*** MATERIAL FOR THIS TASK ***

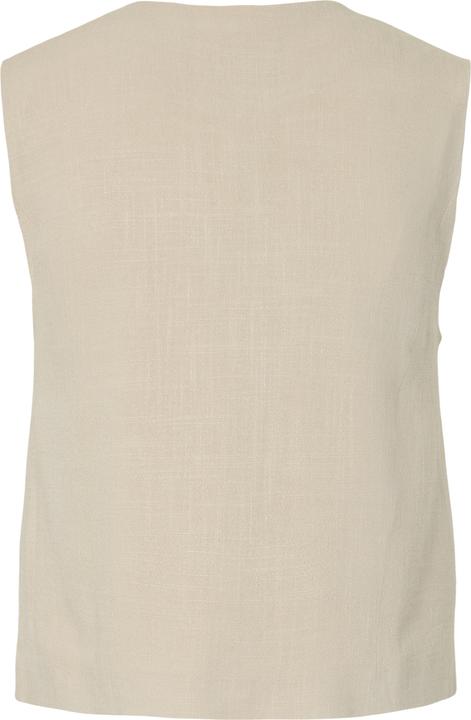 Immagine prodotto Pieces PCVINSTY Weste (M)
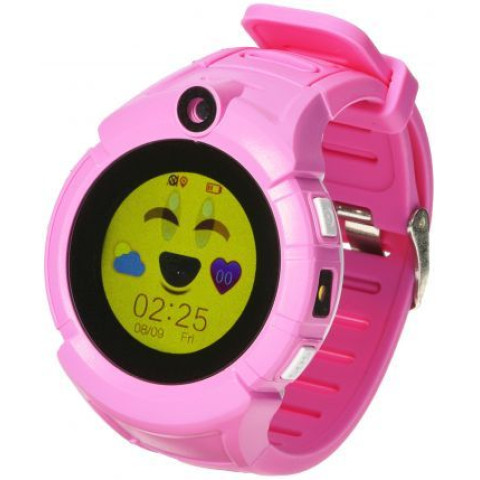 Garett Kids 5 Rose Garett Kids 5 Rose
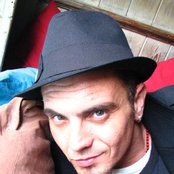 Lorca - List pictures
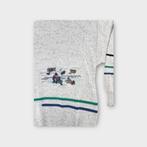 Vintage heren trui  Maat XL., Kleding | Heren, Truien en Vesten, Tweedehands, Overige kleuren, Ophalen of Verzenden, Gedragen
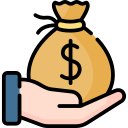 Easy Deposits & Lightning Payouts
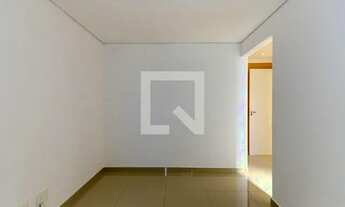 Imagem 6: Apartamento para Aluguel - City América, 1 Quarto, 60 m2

*** End of MATERIAL FOR THIS TASK ***
*** MATERIAL FOR THIS TASK ***

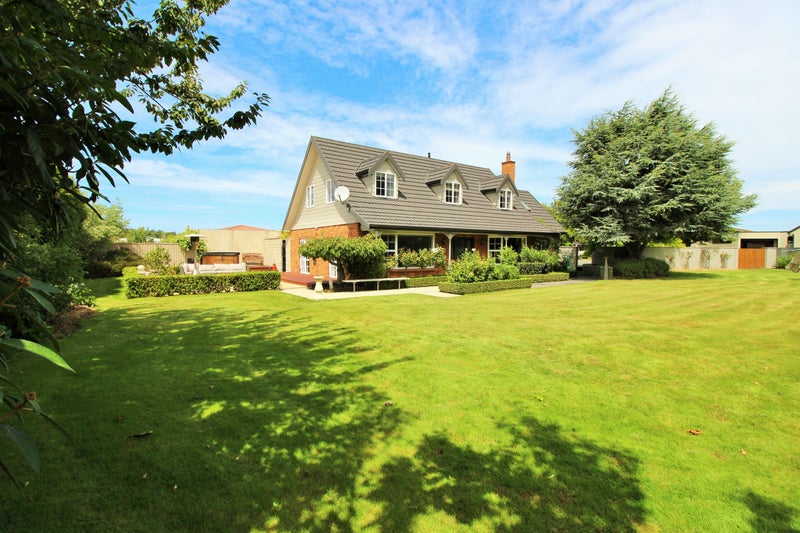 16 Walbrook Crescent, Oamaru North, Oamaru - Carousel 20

*** End of MATERIAL FOR THIS TASK ***

* _EXERCISE DIRECTIONS_
Return exactly the lines of the material above, starting at the line containing "Immagine prodotto Pieces PCVINSTY Weste (M)" and finishing at the line containing "Imagem 6: Apartamento", without any pictures.

* _ANSWER TO THIS TASK_
 Immagine prodotto Pieces PCVINSTY Weste (M)
 Garett Kids 5 Rose Garett Kids 5 Rose
 Lorca - List pictures
 Vintage heren trui  Maat XL., Kleding | Heren, Truien en Vesten, Tweedehands, Overige kleuren, Ophalen of Verzenden, Gedragen
 Easy Deposits & Lightning Payouts
 Imagem 6: Apartamento para Aluguel - City América, 1 Quarto, 60 m2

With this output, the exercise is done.